Monday, January 09, 2012

A POST MODERN "MIRACLE ON 34TH STREET"




Which do you prefer: the old 1947 version of "Miracle on 34th Street," or the newer 1994 version? It's not a fair comparison because the older version had a bigger budget and some of the best stars and technicians of the day. Good writing, too. Even so, comparison is still possible.

I maintain that the biggest advantage the old version had was a philosophical one. People in those days had a more interesting way of seeing the world. We see things through a depressing Post Modern filter, or at least we did back in 1994 when the remake was made.

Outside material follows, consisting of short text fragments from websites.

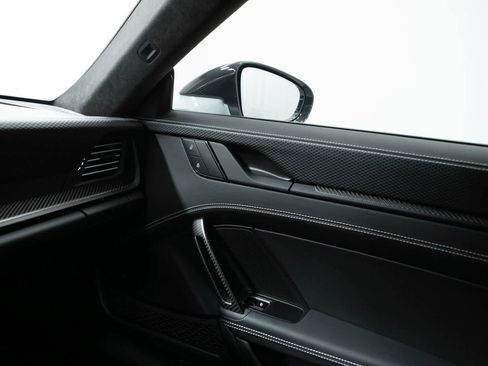 Certified 2026 Porsche 911 GT3 RWD image 30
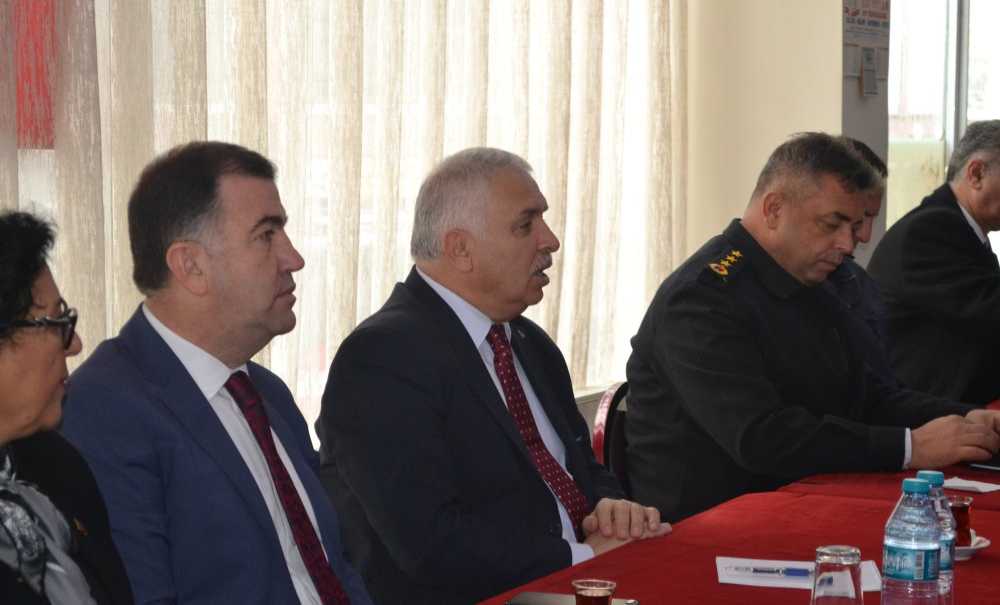 Vali Yıldırım, Vatandaşın Sorunlarını Dinledi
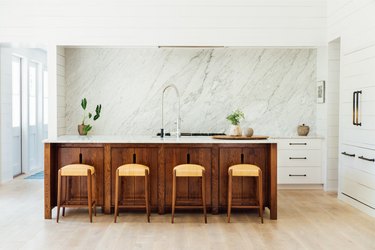 modern L-shaped kitchen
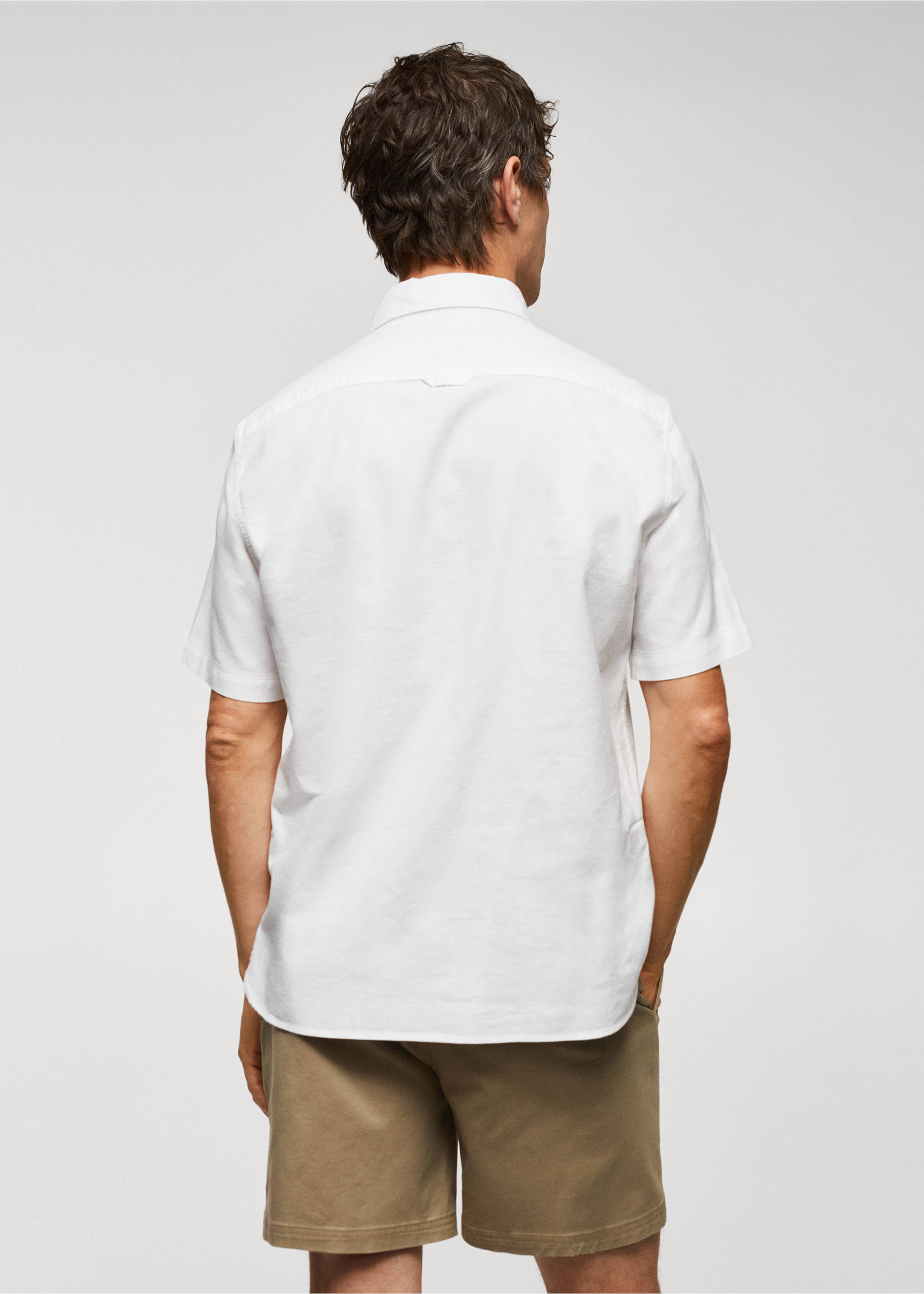 Chemise 100 % coton regular-fit - Verso de l’article, Blanc. Ref: 57085786-00.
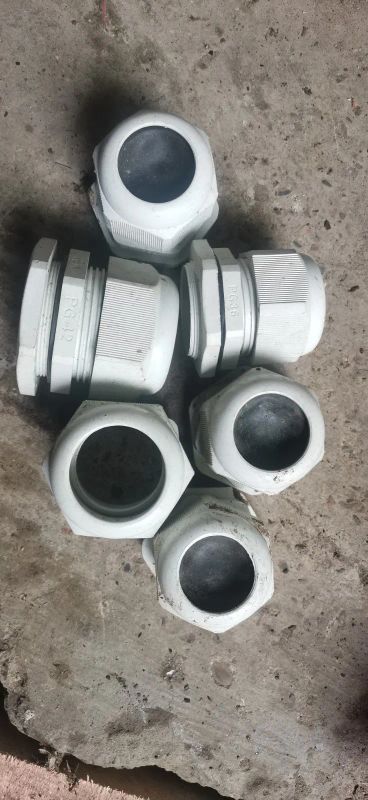 Лот: 25411749. Фото: 1. Сальники iek pg36 pg42. Электроустановочные изделия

Let's take a look at some examples.....


Here's the start of the 1947 version: the titles are superimposed over a traveling backshot of Santa walking along Manhattan streets.  Introducing a robust, confident character with a backshot is a great way to create suspense, and the immersion in the life of the city alerts us to the film's subtext, which is that the modern world (and specifically New York) is a wonderful place to live.

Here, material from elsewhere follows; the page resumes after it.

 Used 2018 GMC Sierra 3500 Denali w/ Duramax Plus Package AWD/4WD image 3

The titles finish and Santa, who we'd only seen from the back til now, rounds a corner and stops to kibbitz when a shopkeeper goofs up his reindeer display. The back and forth between the two men establish Santa's personality. It works fine.


Now here's (above) the 1994 version. It starts with a frontal shot of Santa walking down a single street. The shot is made with a long lens, which flattens the background and robs it of its character.  No reveal, no subtext, and no color. Why is everything brown? I understand that it's cheaper to shoot this way, but is this really the best the director could do? What went wrong?

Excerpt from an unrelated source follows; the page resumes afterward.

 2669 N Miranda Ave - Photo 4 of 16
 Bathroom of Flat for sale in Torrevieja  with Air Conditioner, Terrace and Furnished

What went wrong is that the producer handed off a sentimental 40s story to an unsentimental Post Modern director. Unlike Woody Allen, the director just couldn't bring himself to cast New York in a positive light.


In the newer film Santa's character (above) is established by having him react to an astonished kid who recognizes him. It's not a bad way to go, but the handling was unimaginative. Too many close-ups, too long lenses, too few extras and pedestrian dialogue. And that's not all. 

Also at fault is the flat, deliberately deadening Post Modern way of staging.  Like atonal music, it's a bleak style that's deliberately meant to be flat and unsettling. Flat anesthetizes the senses. It's a style that fights the sentimental story it's trying to tell. It's a shame because you can tell that Richard Attenburough (Santa) had real enthusiasm for the role.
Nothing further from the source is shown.